The question that Nemade, and countless others writers like him ask is simple: if the world is reading and appreciating translated literature, if the world seems to be more than enthusiastic to welcome writings from languages not of their own, and if the time seems to be promising for literature in translation, why is the Indian literary scene under-enthusiastic about presenting its literature for the world to understand, contemplate and theorize about?

Its a valid question, and one that needs to be addressed seriously. Nemade has been trying to do just that, and, unsurprisingly enough, he had managed to irk certain writers and public intellectuals in the process.
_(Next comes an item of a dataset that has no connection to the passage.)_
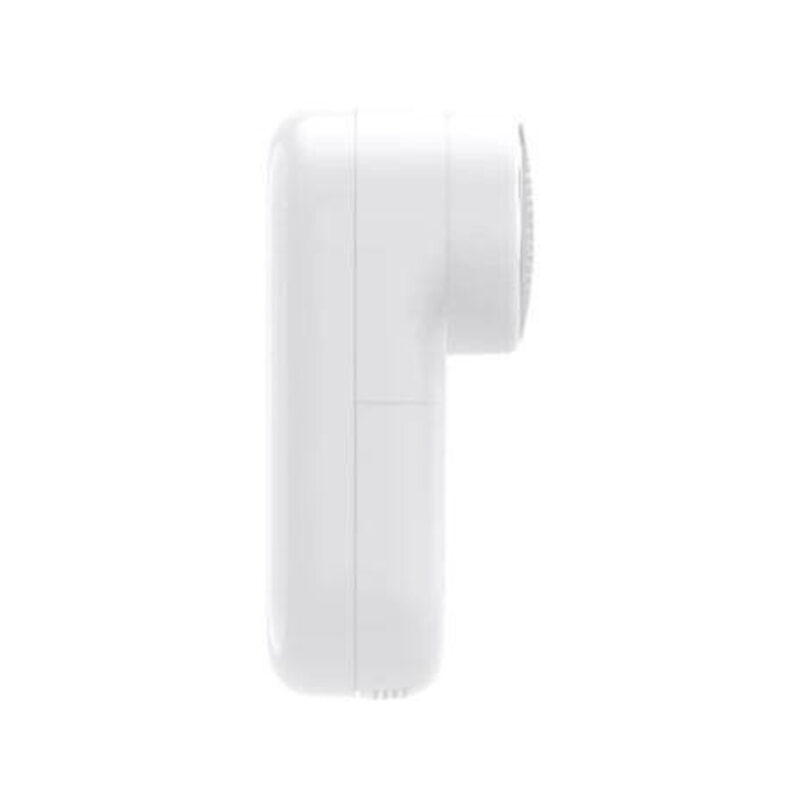 Xiaomi Lint Remover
The writers that participated in The Gateway Litfest have pushed their weight behind Nemade and his statements- and rightly so. Eminent Bengali poet and writer Subodh Sarkar called Nemade “more important than Rushdie” and declared that Rushdie has “made no contribution to Indian literature.” The statement perhaps goes too far in demeaning Rushdie's contribution to the Indian literature, but its not wholly false either.

Gujarati writer Sitamshu Yashchandra blamed the English literature that is being produced by the likes of Rushdie and Naipaul for the ignorance and “paralysis” of regional literature.

These statements reflect the deep divide that persists within the Indian literary scene- a divide that should never have existed; a divide between two forms of literature that are rich, unique and expressive in their own right. It doesn't help, however, when writers like Rushdie, who are not without their own “grumpiness” when it comes to lashing out against regional language writers, write in international magazines such as The New Yorker: “This is it: the prose writing – both fiction and non-fiction- created in (the post-independence) period by Indian writers working in English is proving to be stronger and more important body of work than most of what has been produced in the eighteen “recognized” languages of India.”Although published several years ago it still rings of extreme ignorance.

There could be nothing more unfortunate than the fact that there is no trade of sorts within the Indian literary establishment. Rushdie and Naipaul (who remains to comment upon Nemade) have been known to be grumpy old men of literature themselves, extremely self-occupied and defensive of their works. When Rushdie wrote that he doubted Nemade's reading of his work, he was perhaps commenting upon his own sorry state of affairs- I suppose Rushdie himself had hardly heard of Nemade's name before this controversy erupted, let alone read or studied him, as he deserves to be. On the other hand, we have enough reasons to believe that Nemade has not just read but also carefully studied and presumably dissected Rushdie's work closely over the years, and he has made his (arguable) statements with full research to back him.

Bhalchandra Nemade remains a voice of dissent whose remarks have created a valid controversy. Valid because this sort of a controversy would hopefully help in placing on the social and literary stage an issue that needs to be addressed- and urgently so. Whether Nemade's statement hold true or not, the point he is trying to put forth remains essential and valid. In this age of India's faltering literary output, Nemade's- and the other regional literary veterans backing him - is the voice that greatly matters.